One of the things I like best about liturgy is the more or less constant involvement of the congregation. The word “liturgy” means “the work of the people.” It’s not so much about us coming to sit while the pastor and the elders do everything, but about all of us together rehearsing the story of redemption, edifying each other by reading Scripture aloud, reaffirming what we believe, embodying worship by kneeling or singing together ….

This is what resonates with me. There’s a whole lot of “work of the people” in my church. The average Sunday bulletin is slightly smaller than a menu at The Cheesecake Factory.

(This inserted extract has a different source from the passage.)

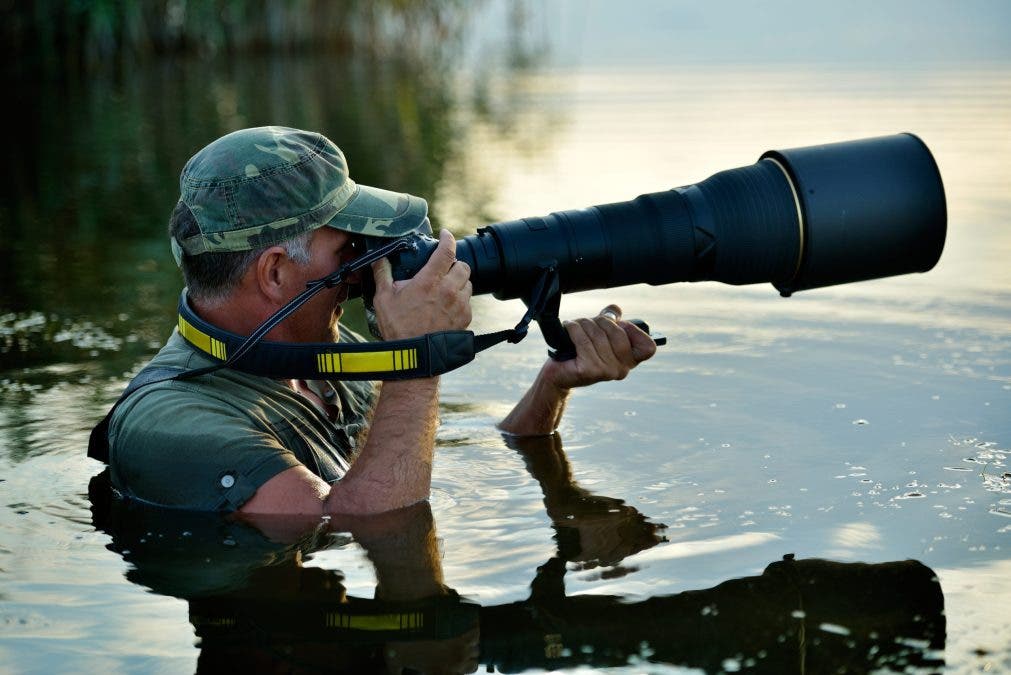 Wildlife photographer holding one of the best lenses for wildlife photography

In a May 2018 YouTube interview with Preston Sprinkle, Jonathan Merritt notes the following (this is slightly paraphrased to convert from conversation to the written word):

Liturgy is built on a premise … that language is not just expressive, [but that] language is formative. … A “low church” form of worship [sees] language as predominantly expressive — “I think something and language lets me say what I think.” That becomes very individualistic. “Why am I going to repeat something that I didn’t write and that I didn’t think?”

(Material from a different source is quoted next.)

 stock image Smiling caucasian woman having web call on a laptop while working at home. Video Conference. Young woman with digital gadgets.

What liturgy says is, “This historic language … is not about expressing what you’re thinking. It’s about shaping what you think. Shaping the mind. Shaping the behaviors.” Liturgy operates in a formative framework of language, whereas most evangelicals are in a post-enlightenment expressive framework of language.

Is language going in or only coming out?

This strikes me as both enlightening and confusing. The enlightening part should be self-evident — that’s some heavy and heady stuff. But it’s also confusing. Because the “old time religion” crowd places such a low level of importance on words that were written over a millennium ago while placing at a much higher premium (comparatively) modern interpretations of the words on which they are based.

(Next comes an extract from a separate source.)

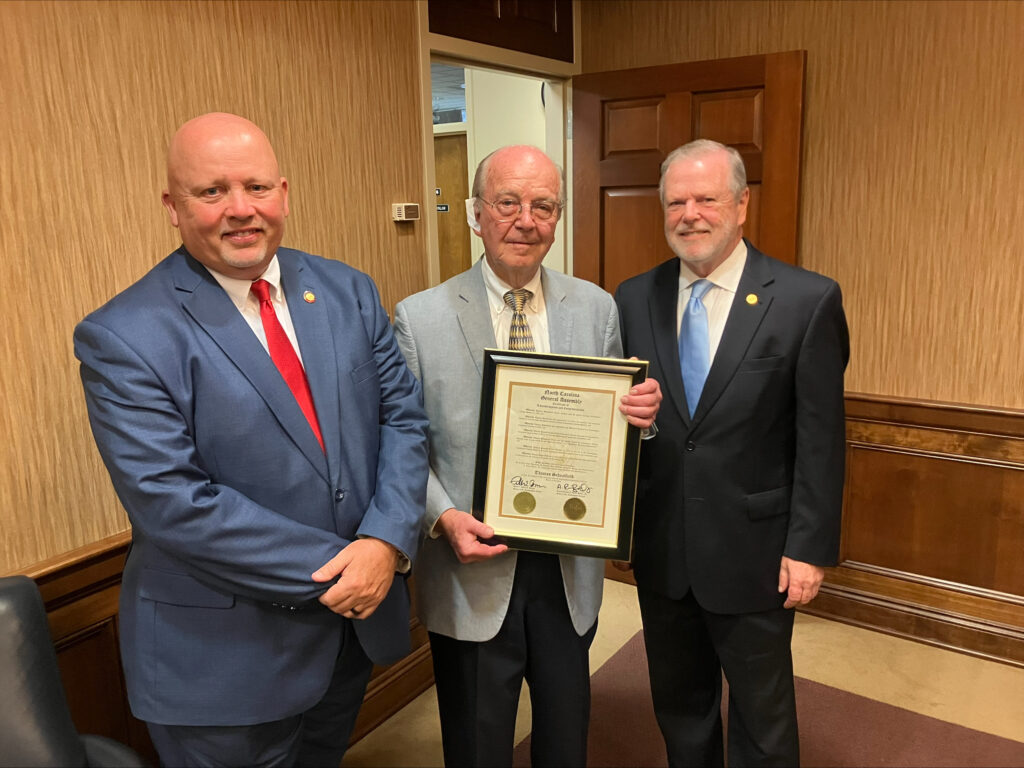 Three men in suits smile, with the middle one holding a framed certificate.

In “low church” services, if you can fake your way through 3 or 4 songs, you’re home free. But there’s a lot less room to hide when you’re part of a congregation that’s reading aloud a confession like this (penned by our pastor, Fritz Bogar):

Loving God, we confess together our need for cleansing and transformation. On Sundays, we announce the abundance of your grace, but by Monday, we have returned to the world ruled by scarcity. We have regarded those in need as threats to our own well-being rather than opportunities to offer your good news in the world. We speak of sacrifice, but cling to what we have; we celebrate the power of love, but are moved by fear; we yearn for forgiveness, but still demand atonement from those who have wronged us. Have mercy upon us, oh God, for you alone can change our hearts. Let the power of your Spirit strengthen us, and the presence of Christ fill us, that we might live as ambassadors of your glory.

There is also something that grabs me about “passing the peace”, another liturgical tradition that is the analog to what many churches refer to (perhaps euphemistically) as “fellowship time”. Instead of a vague, “How ya doin’?”, which can be met with virtually any response and receive the same reaction, we wish each other some variation of “the peace of Christ be with you.” We are literally blessing one another, thereby adding another element to the “work of the people”.

All of this, from Peterson to Merritt to that prayer to passing the peace, speaks to — nay, screams about — the dangers of seeing Christianity as individualistic. In reality, with the exception of the salvific experience, their is nothing individualistic about our faith. Paul speaks to this very issue when he compares the body of Christ with a physical body. As he illustrates the wrong mindset, even if one sets aside the ridiculous nature of talking body parts, the ideas of individualism that they are expressing are absolutely ludicrous. One can almost see Paul high-fiving himself for writing such a clever illustration that will stick with his readers.

I’ve done this Jesus thing on my own for half a century. I can’t anymore. This isn’t me suddenly becoming weaker than I once was. This is me acknowledging the way that God designed me — and all Christians, for that matter — to be in the first place.

The work of the people. Yeah. I dig it.